# uninstalling Front Row



## MacPwnsWin (Feb 22, 2006)

I installed Front Row on a mac that didn't come with it, it broke Spot Light, now I want Front Row gone. I would like to know an alternative to removing Front Row besides reinstalling Tiger.


----------



## [email protected] (Nov 11, 2005)

drag it to the trash and then empty it. Open your Library folder on both your user account and you hard drive and open Application support if you see anything named front row and delete it. If that doesn't do the trick you can just archive and install the OS it will keep all your files and settings. Also look in the contextual items folder for front row stuff


----------



## Endemix (Aug 10, 2005)

front row isn't an "application" it is built in to the core of the operating system


----------



## [email protected] (Nov 11, 2005)

No, for real? r u serious I didn't know that thank goodness you came along to point that out!

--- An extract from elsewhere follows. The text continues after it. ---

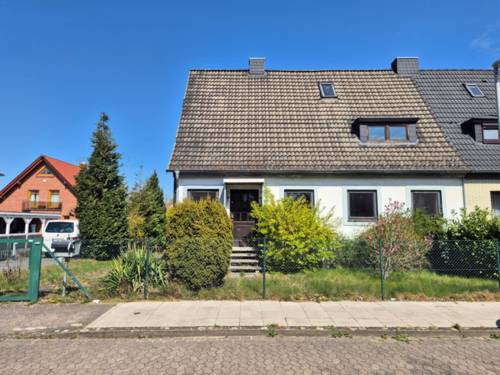 Ein Haus auf einem Grundstück.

Da, listen to the way he describes the way he installed it professor before you point out an obvious explanation! Thank for your help! That was so nice of you!


----------



## Endemix (Aug 10, 2005)

I enjoy a good flaming, thanks 

also

Delete Front Row (/System/Library/CoreServices/Front Row.app) 
Delete the preference file (/System/Library/LaunchAgents/com.apple.frontrow.plist) 
Remove any Login Items that launch Front Row (System Preferences >Accounts >User >Login Items) 
Disable any shortcuts managed by third-party applications that launched Front Row.
And then archinve and install.


----------